[AVAILABLE RECORDS]:
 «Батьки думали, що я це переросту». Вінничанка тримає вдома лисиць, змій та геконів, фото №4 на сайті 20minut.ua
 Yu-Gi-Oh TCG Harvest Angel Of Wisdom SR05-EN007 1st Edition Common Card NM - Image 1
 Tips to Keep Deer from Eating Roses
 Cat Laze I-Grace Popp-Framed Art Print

* * *

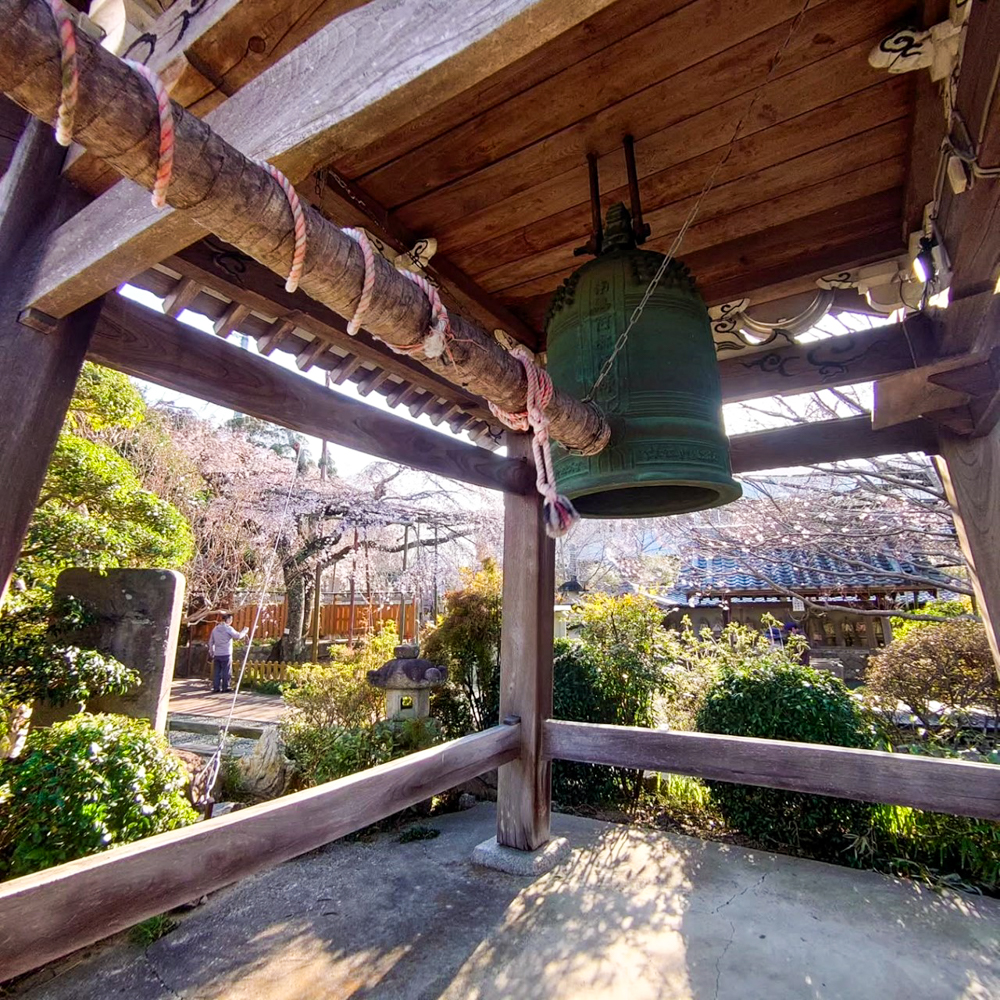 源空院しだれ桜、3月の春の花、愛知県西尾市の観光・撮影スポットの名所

* * *

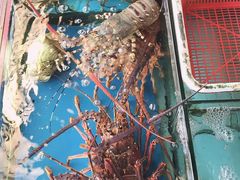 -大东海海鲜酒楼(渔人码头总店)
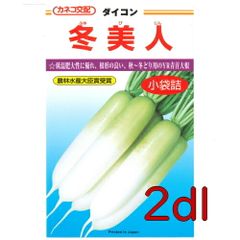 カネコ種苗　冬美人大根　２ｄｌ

[PROBLEM DETAILS]: Set down, exactly as they appear above, all lines from the one that has "на сайті 20minut.ua" down to the one that has "Cat Laze I-Grace Popp-Framed Art Print", including those two and no others.

[THE COMPLETED TASK]:
 «Батьки думали, що я це переросту». Вінничанка тримає вдома лисиць, змій та геконів, фото №4 на сайті 20minut.ua
 Yu-Gi-Oh TCG Harvest Angel Of Wisdom SR05-EN007 1st Edition Common Card NM - Image 1
 Tips to Keep Deer from Eating Roses
 Cat Laze I-Grace Popp-Framed Art Print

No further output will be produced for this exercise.